Venezuela has put its clocks forward by half an hour to save electricity.
President Nicolas Maduro ordered the time change - which will mean lighter evenings - to deal with a chronic shortage of electricity caused by a drought which has drained its hydroelectric dams.
It is part of a range of measures to deal with the crisis, with the country already having ordered rolling blackouts and reduced the public sector working week to just two days.
The government has also ordered schools to close on Fridays, while shopping malls must generate their own energy and reduce their opening hours.
Mr Maduro has also suggested more unusual energy-saving methods such as foregoing hair dryers.
Announcing the latest change, science and technology minister Jorge Arreaza said the move would reduce the night-time use of lighting and air conditioning.
He said: "It will be simple to move the clock forward a half hour - this will allow us to enjoy more daylight, and it won’t get dark so early".
The change means Venezuela will return to the timezone it had before 2007, when late President Hugo Chavez moved it back half an hour.
It will now be four hours behind Greenwich Mean Time.
It comes with the country is in the midst of a major economic crisis caused by the global collapse of the price of oil, the BBC reports.
The bloated public sector and generous benefits propped up the economy for many years using the revenues from oil but now the country is suffering from a shortage of basic goods and food.
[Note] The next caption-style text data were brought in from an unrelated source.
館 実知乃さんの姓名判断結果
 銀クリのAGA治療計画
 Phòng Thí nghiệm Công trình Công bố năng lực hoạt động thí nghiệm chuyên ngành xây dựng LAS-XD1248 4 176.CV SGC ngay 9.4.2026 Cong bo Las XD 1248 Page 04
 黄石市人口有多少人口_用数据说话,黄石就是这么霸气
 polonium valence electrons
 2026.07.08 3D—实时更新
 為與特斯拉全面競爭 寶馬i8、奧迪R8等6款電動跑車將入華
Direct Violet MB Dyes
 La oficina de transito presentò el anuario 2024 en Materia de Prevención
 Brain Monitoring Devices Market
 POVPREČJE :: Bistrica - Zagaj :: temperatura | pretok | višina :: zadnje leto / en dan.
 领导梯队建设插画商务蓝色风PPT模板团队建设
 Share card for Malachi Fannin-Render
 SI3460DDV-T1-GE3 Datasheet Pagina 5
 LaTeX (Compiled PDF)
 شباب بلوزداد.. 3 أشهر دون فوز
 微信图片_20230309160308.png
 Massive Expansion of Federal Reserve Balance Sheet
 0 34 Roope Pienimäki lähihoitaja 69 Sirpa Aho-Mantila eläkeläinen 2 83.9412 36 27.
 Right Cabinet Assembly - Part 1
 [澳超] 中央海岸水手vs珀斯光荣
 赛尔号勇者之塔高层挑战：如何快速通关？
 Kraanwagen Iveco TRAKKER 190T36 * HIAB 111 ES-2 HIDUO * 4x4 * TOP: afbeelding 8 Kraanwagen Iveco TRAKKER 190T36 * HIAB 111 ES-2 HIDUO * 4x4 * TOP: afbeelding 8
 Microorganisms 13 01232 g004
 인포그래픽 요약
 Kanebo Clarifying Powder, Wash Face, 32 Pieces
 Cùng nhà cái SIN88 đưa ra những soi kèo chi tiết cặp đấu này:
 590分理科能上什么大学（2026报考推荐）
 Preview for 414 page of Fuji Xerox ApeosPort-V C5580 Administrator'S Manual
Mr Maduro announced on Saturday evening that he was also ordering a 30 per cent increase in the minimum wage to fight economic stagnation.
The increase - which came into force on Sunday - follows a 25 per cent increase in 1 March.
The new minimum wage is 15,051 bolivars a month, around £1,035 at the official exchange rate but around £34.22 at the black market rate - which largely sets the price of goods in Venezuela.
Mr Maduro has claimed the situation is caused by an “economic war” against the country by the US’s capitalist business elite.
But opposition parties who took control of the country’s Congress in December have accused Mr Maduro of economic mismanagement.
They have started a campaign to oust him by launching a petition to have him removed from office.
On Saturday they said the petition to impeach him had already gathered nearly two million signatures from voters.